**Work required**
Write out again only the lines that run from the start of the entries to the line containing "Cocomo Friendship Full HD Hocus Pocus", both included.

**Data extracts**
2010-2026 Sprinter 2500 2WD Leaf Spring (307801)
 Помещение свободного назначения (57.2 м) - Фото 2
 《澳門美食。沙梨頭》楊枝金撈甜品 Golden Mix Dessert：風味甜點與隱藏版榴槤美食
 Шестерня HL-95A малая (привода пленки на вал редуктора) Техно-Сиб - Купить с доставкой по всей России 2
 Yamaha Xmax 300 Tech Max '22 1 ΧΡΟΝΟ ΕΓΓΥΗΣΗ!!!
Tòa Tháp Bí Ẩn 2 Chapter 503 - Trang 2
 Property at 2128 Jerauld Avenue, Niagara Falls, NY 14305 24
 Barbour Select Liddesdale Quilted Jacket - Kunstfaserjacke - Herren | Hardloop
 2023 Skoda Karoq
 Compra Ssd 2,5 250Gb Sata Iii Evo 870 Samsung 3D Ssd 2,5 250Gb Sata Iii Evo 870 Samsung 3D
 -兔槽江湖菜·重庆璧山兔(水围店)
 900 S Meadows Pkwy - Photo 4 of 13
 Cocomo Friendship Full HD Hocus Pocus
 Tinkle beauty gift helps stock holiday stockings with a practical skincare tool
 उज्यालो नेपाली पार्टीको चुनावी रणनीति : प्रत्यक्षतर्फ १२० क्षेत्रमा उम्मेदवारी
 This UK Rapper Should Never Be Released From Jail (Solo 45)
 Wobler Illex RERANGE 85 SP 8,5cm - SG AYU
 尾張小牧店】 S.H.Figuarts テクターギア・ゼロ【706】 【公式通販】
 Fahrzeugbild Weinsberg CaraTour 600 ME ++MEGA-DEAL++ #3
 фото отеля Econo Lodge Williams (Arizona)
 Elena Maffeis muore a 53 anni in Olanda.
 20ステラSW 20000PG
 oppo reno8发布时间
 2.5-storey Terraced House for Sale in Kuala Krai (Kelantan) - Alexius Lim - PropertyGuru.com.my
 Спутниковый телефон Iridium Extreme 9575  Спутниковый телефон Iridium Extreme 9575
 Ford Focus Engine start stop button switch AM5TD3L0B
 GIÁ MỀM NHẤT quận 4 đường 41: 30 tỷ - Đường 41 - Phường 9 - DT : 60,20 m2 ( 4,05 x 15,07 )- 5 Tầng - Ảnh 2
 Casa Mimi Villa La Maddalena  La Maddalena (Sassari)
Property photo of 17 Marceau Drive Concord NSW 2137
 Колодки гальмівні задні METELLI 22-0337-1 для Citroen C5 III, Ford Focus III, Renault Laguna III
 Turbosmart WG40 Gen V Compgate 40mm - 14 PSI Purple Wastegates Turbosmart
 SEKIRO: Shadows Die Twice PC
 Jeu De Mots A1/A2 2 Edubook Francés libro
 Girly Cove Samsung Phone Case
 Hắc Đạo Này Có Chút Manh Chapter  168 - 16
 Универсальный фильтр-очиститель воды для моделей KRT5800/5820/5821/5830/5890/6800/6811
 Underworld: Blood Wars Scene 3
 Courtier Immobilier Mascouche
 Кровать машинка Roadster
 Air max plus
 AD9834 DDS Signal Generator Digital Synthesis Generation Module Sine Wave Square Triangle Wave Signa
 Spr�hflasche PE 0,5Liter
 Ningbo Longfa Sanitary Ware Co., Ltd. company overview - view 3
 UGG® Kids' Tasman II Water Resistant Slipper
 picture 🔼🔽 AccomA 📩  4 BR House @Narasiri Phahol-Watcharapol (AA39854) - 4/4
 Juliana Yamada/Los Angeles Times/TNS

**Response to this exercise**
2010-2026 Sprinter 2500 2WD Leaf Spring (307801)
 Помещение свободного назначения (57.2 м) - Фото 2
 《澳門美食。沙梨頭》楊枝金撈甜品 Golden Mix Dessert：風味甜點與隱藏版榴槤美食
 Шестерня HL-95A малая (привода пленки на вал редуктора) Техно-Сиб - Купить с доставкой по всей России 2
 Yamaha Xmax 300 Tech Max '22 1 ΧΡΟΝΟ ΕΓΓΥΗΣΗ!!!
Tòa Tháp Bí Ẩn 2 Chapter 503 - Trang 2
 Property at 2128 Jerauld Avenue, Niagara Falls, NY 14305 24
 Barbour Select Liddesdale Quilted Jacket - Kunstfaserjacke - Herren | Hardloop
 2023 Skoda Karoq
 Compra Ssd 2,5 250Gb Sata Iii Evo 870 Samsung 3D Ssd 2,5 250Gb Sata Iii Evo 870 Samsung 3D
 -兔槽江湖菜·重庆璧山兔(水围店)
 900 S Meadows Pkwy - Photo 4 of 13
 Cocomo Friendship Full HD Hocus Pocus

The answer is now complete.